As far as can be ascertained, pictographs had deep spiritual meaning. It would be akin to desecrating the alter of a Catholic church. What we know of the Sinixt culture is that it was very old. The oldest archaeological find on the Arrow Lakes at Deer Park is about 9 thousand years old. The oldest perminent villages date back about 3500 years at Vallican and Lemon Creek and show evidence of continual occupation. Theirs was a highly sophisticated complex hunter/gatherer society that basically was the origin of all Interior and Coastal Salish cultures.

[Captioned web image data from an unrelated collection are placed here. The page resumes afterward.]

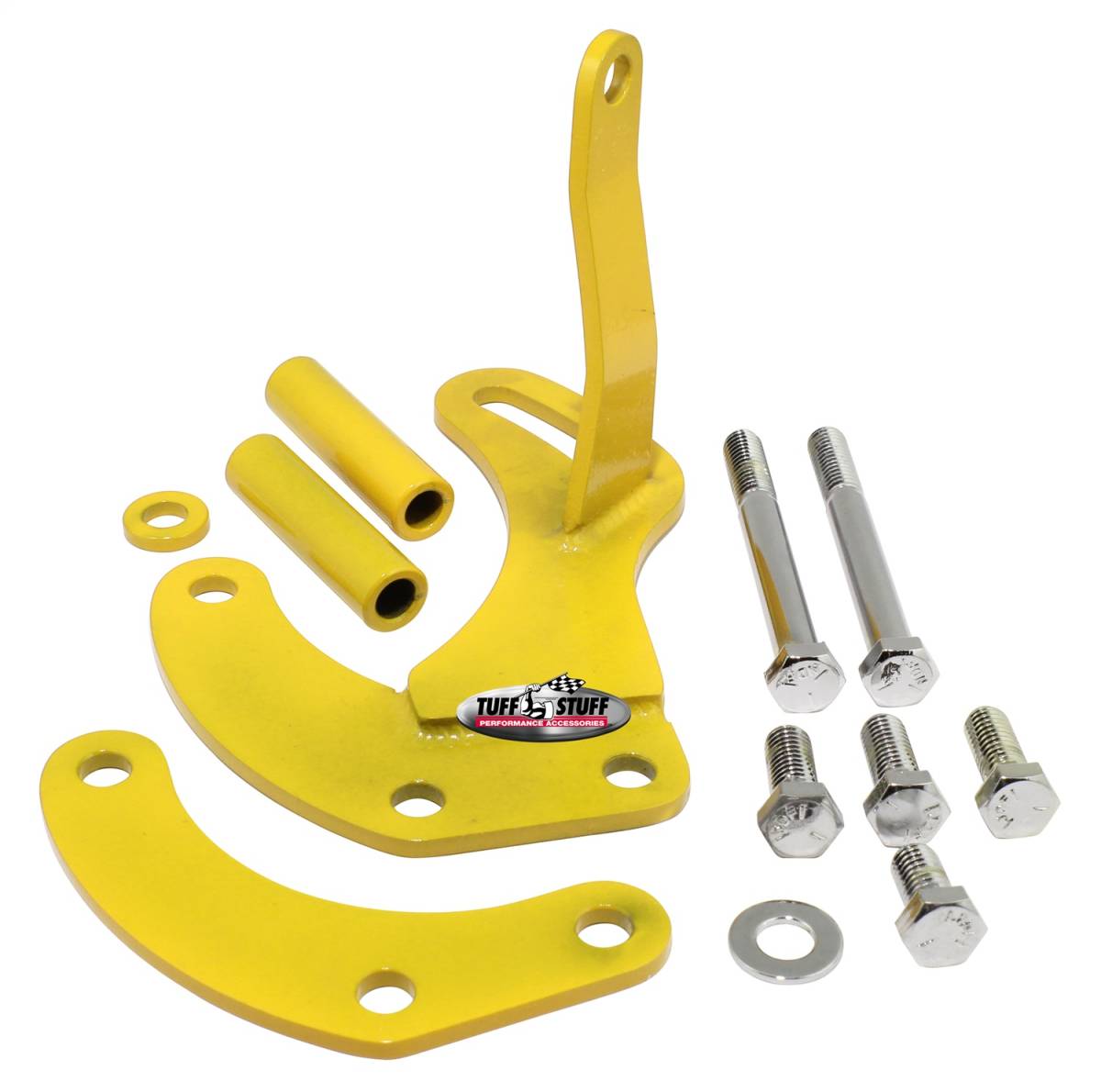 Tuff Stuff Performance - Power Steering Pump Bracket Short Fits Tuff Stuff Saginaw Style Power Steering Pumps w/Hardware Yellow Powdercoat 6504BYELLOW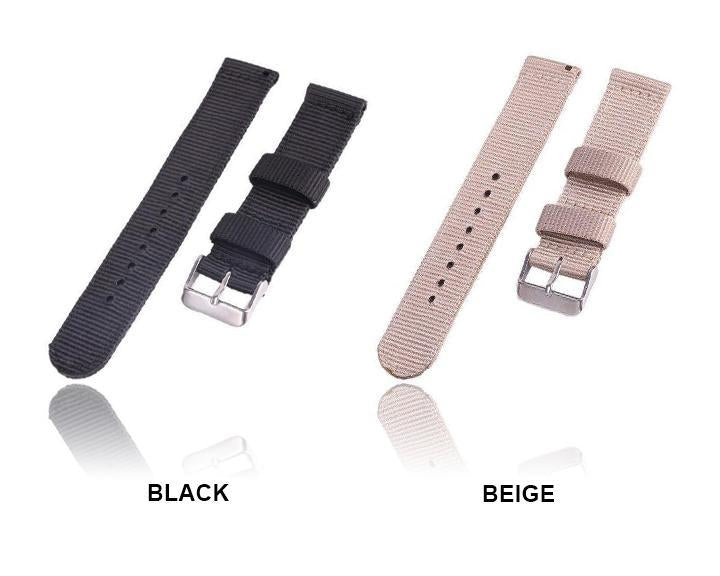 Solid Color Nylon fabric Washable Waterproof Wristband fit Samsung galaxy & active silver Watchband 18/20/22/24mm Watch Strap for Men Women.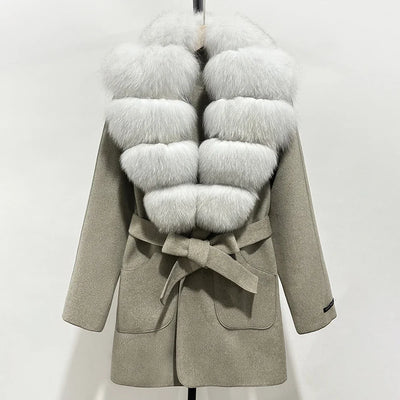 Wool Blend Jacket Autumn Women Winter Fashion Real Fox Fur Collar European Fahsion Woolen Coat Natural Fur Collar Coat Female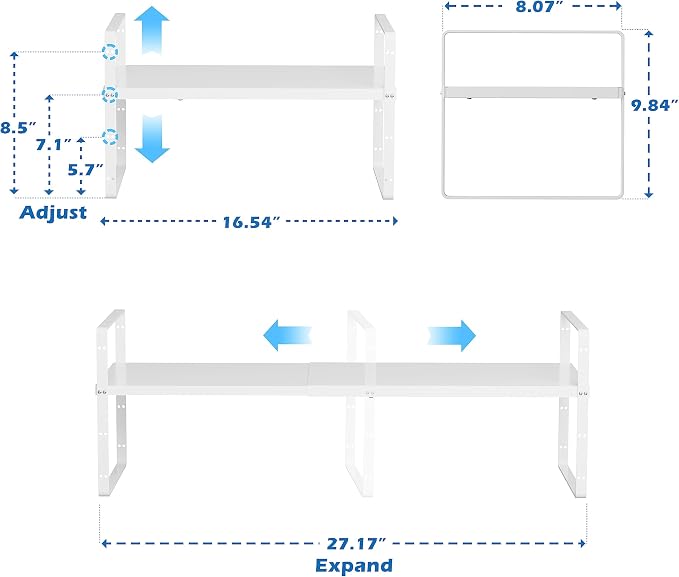 SANNO Expandable Kitchen Shelf Organizers,Cupboard Organizer Rack Space Riser Countertop Kitchen Pantry Cupboard Countertop Shelf Organizers, White, 2 pack - Image 2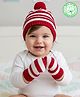 Babyhug Organic Cotton Knit Striped Woollen Cap & Mittens Red - Diameter 11 cm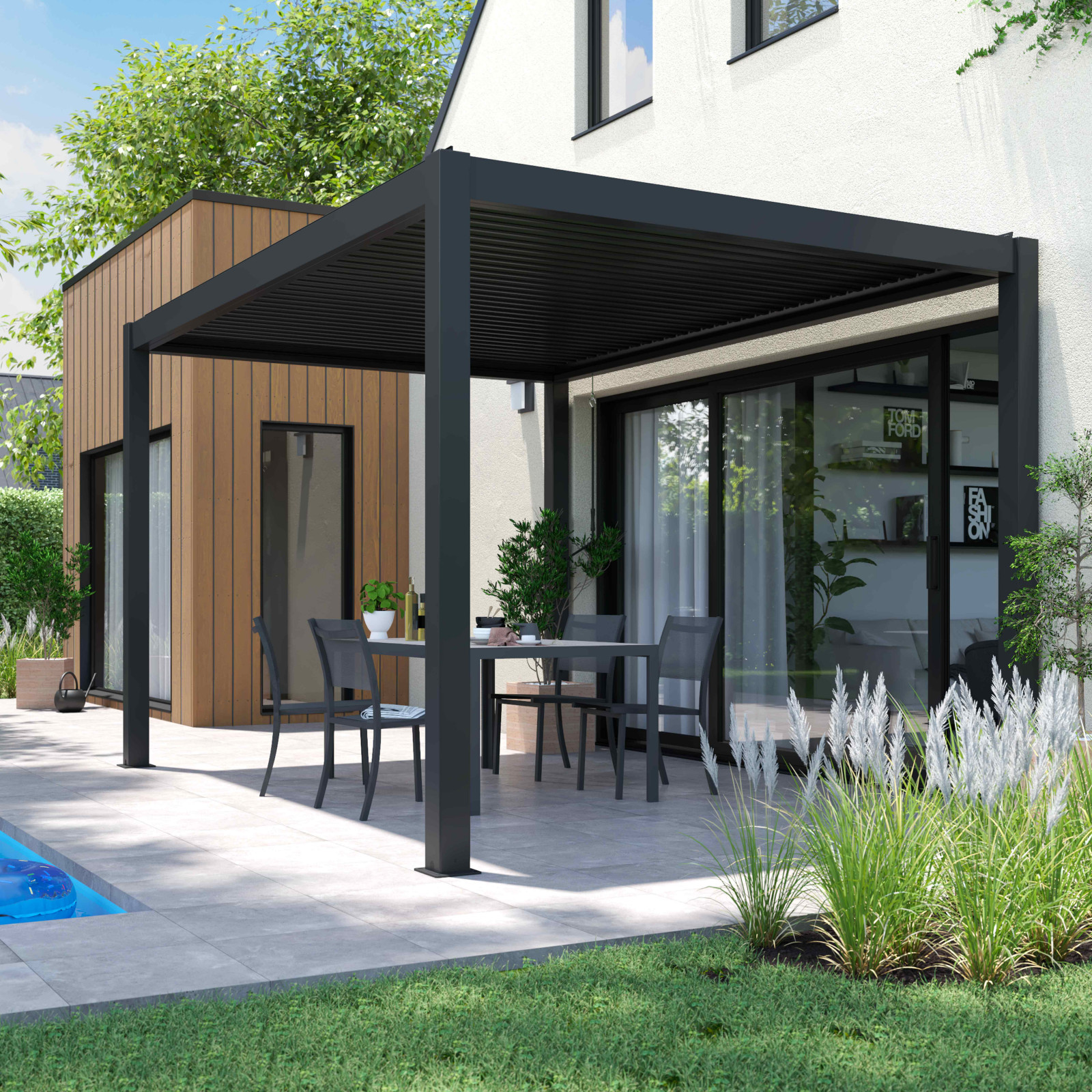 Pergola bioclimatique 3x4m autoportée en aluminium avec 1, 2 ou 3 stores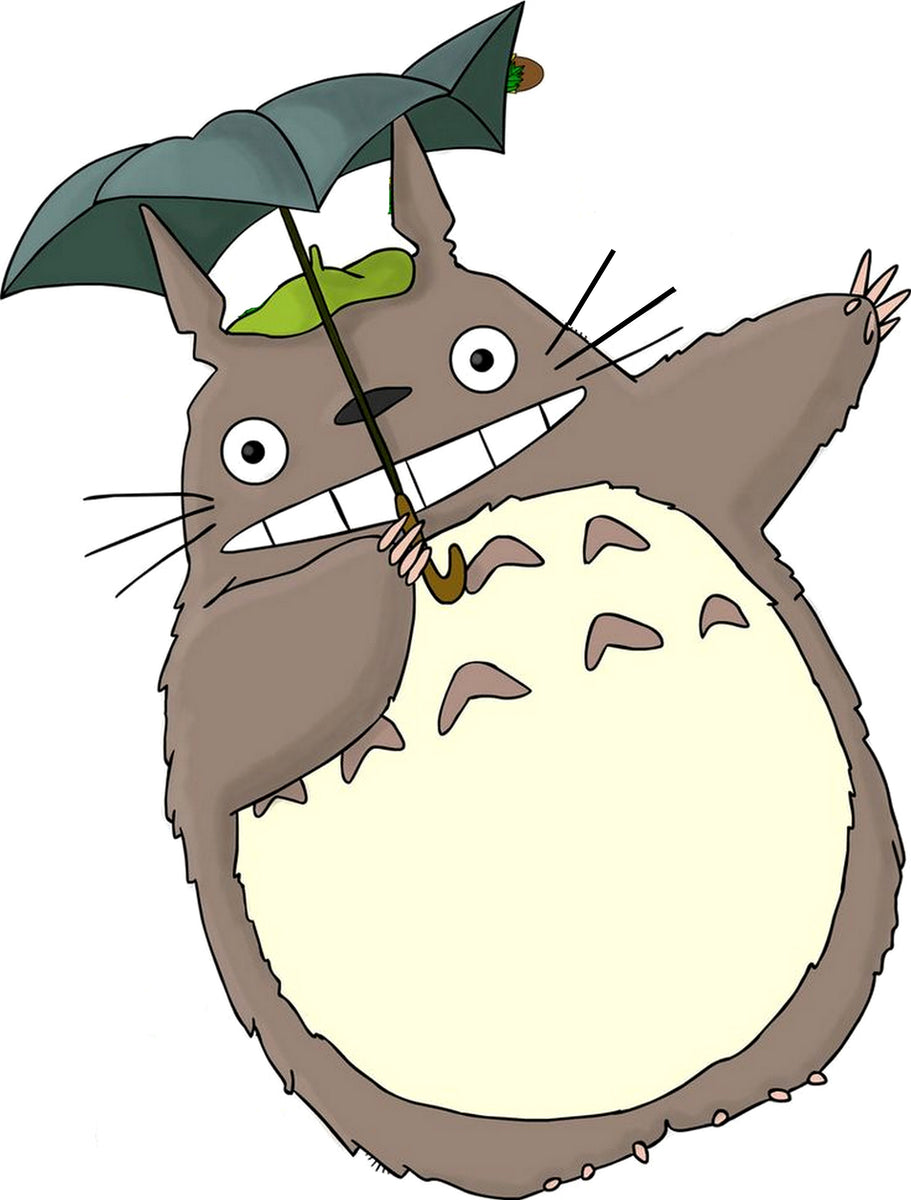 totoro flying with umbrella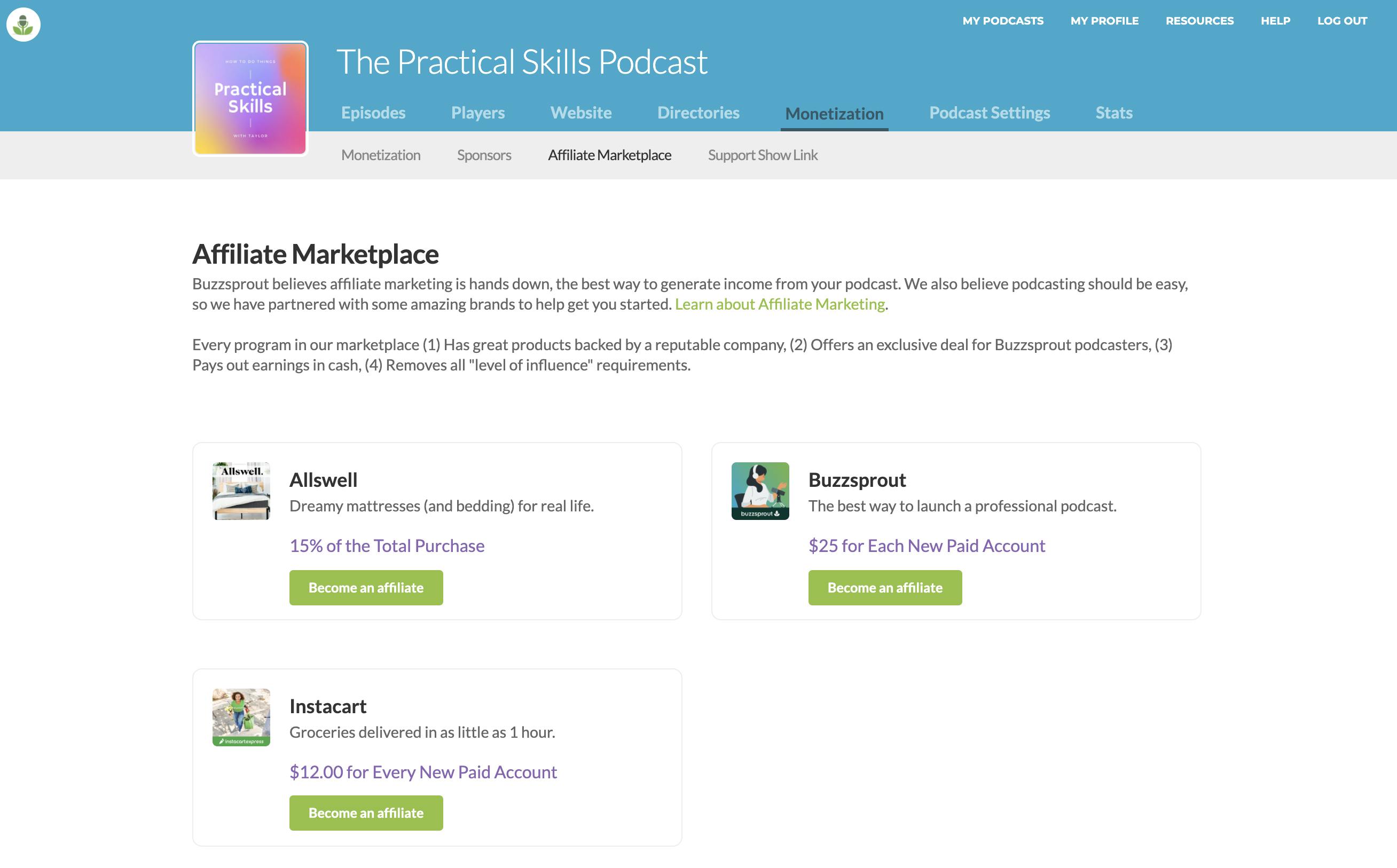 Buzzsprout Affiliate Program page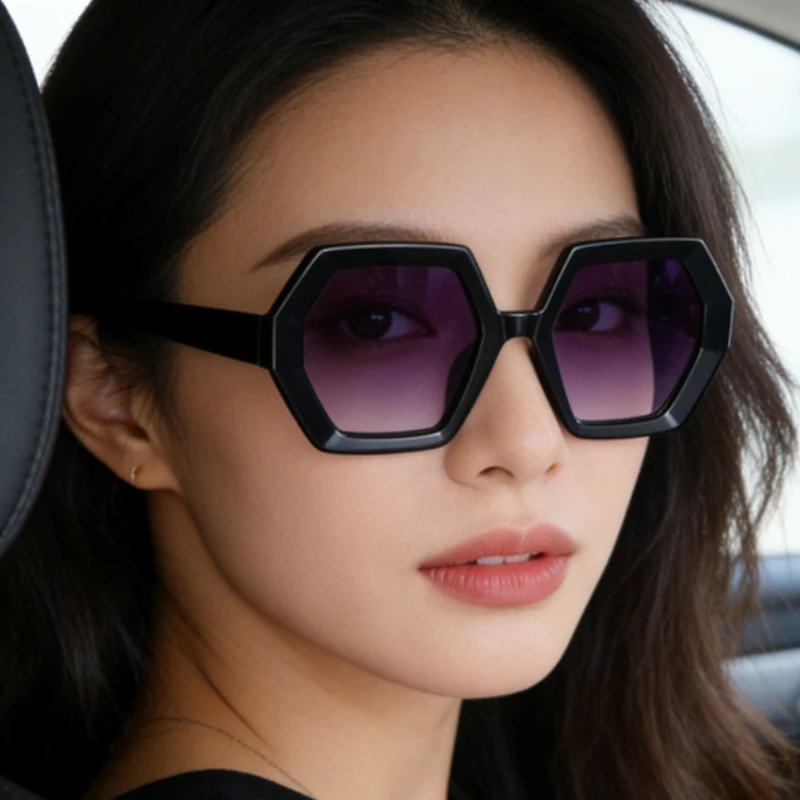

Vintage Polygonal Sunglasses Women Men Classic Big Frame Driving Glasses UV400 Cycling Hiking Travel Eyeglasses Fishing Shades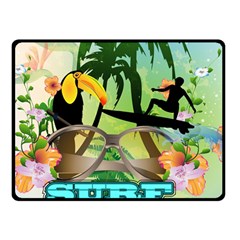 Surfing Double Sided Fleece Blanket (small)  by FantasyWorld7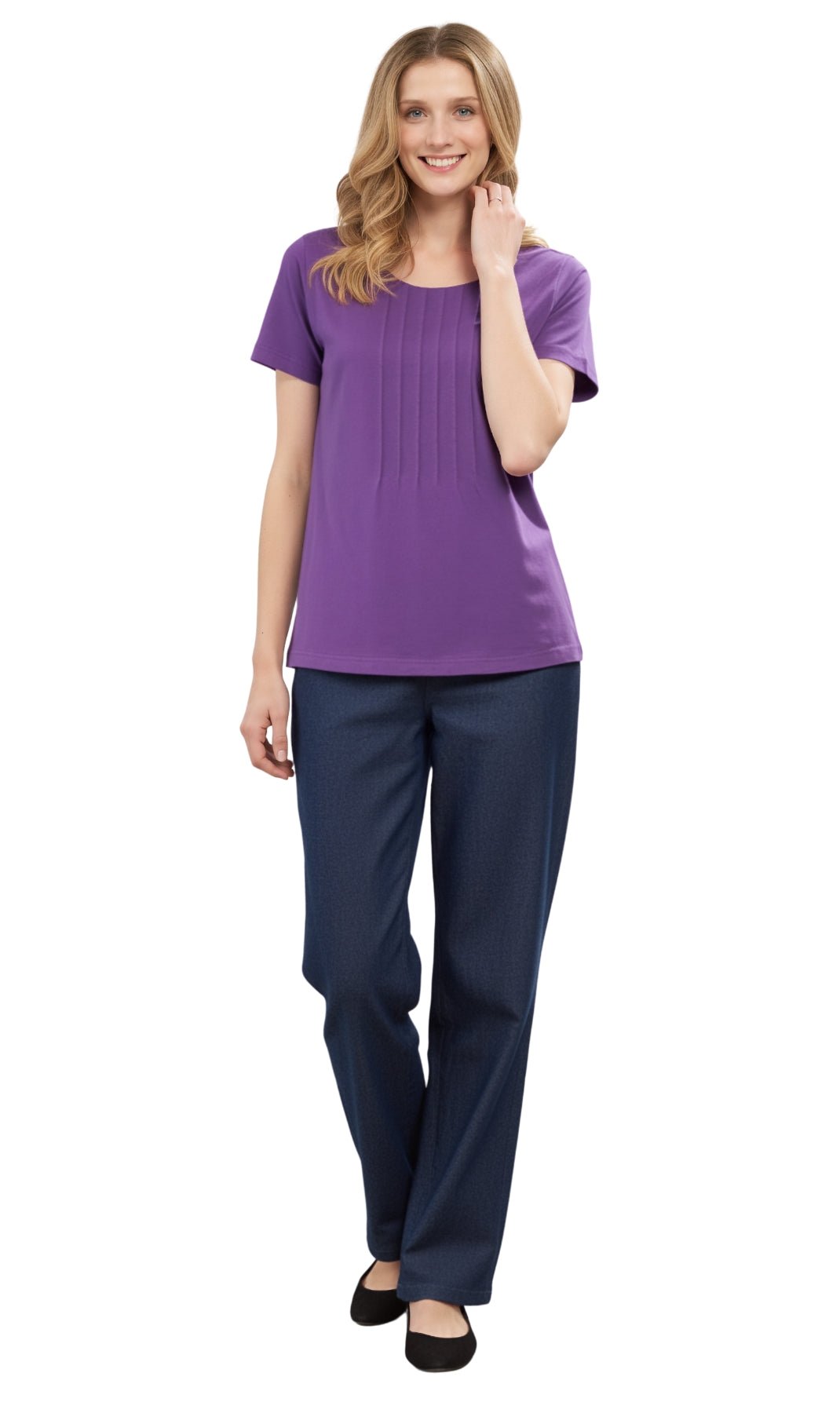 Women's Short Sleeve Pintuck Scoop Neck T-Shirt — 100% Cotton Knit - Pendo Store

At the time, 1956, that they were declared extinct by the Canadian government, there were Sinixt families living at Burton and Edgewood. They were declared extinct because very few would live on the 100 acre reservation given to them in 1911. It was completely useless land and was not conducive to their cultural practices. When government census takers came through every 4 years or so, if the people were off res hunting, fishing or gathering, they were taken off the census list. By 1956, the last person to have been on the reservation when the last census was taken died in the Okanagan while visiting relatives.
It is also quite convenient that at this time negotiations for the Columbia River Treaty were just starting. The evidence points to the extinction of the Sinixt being a purely political move to avoid having to deal with the Sinixt for the flooding of their territory. Over 140 archaeological sites on the Arrow Lakes have been flooded and washed away since the damming of the Columbia River at Castlegar, effectively wiping out 9000 years of pre-history of this region.
So, compared to this, idiots shooting paint balls at ancient pictographs seem quite insignificant in comparison, unless you realize that 90% of the original pictographs have already been destroyed. Those pictographs are some of the last vestiges of evidence that the Sinixt lived here. And considering that those pictographs were hundreds of years old and we can't make a house paint that will last 10 years - it is quite ludicrous for us to call them ignorant savages.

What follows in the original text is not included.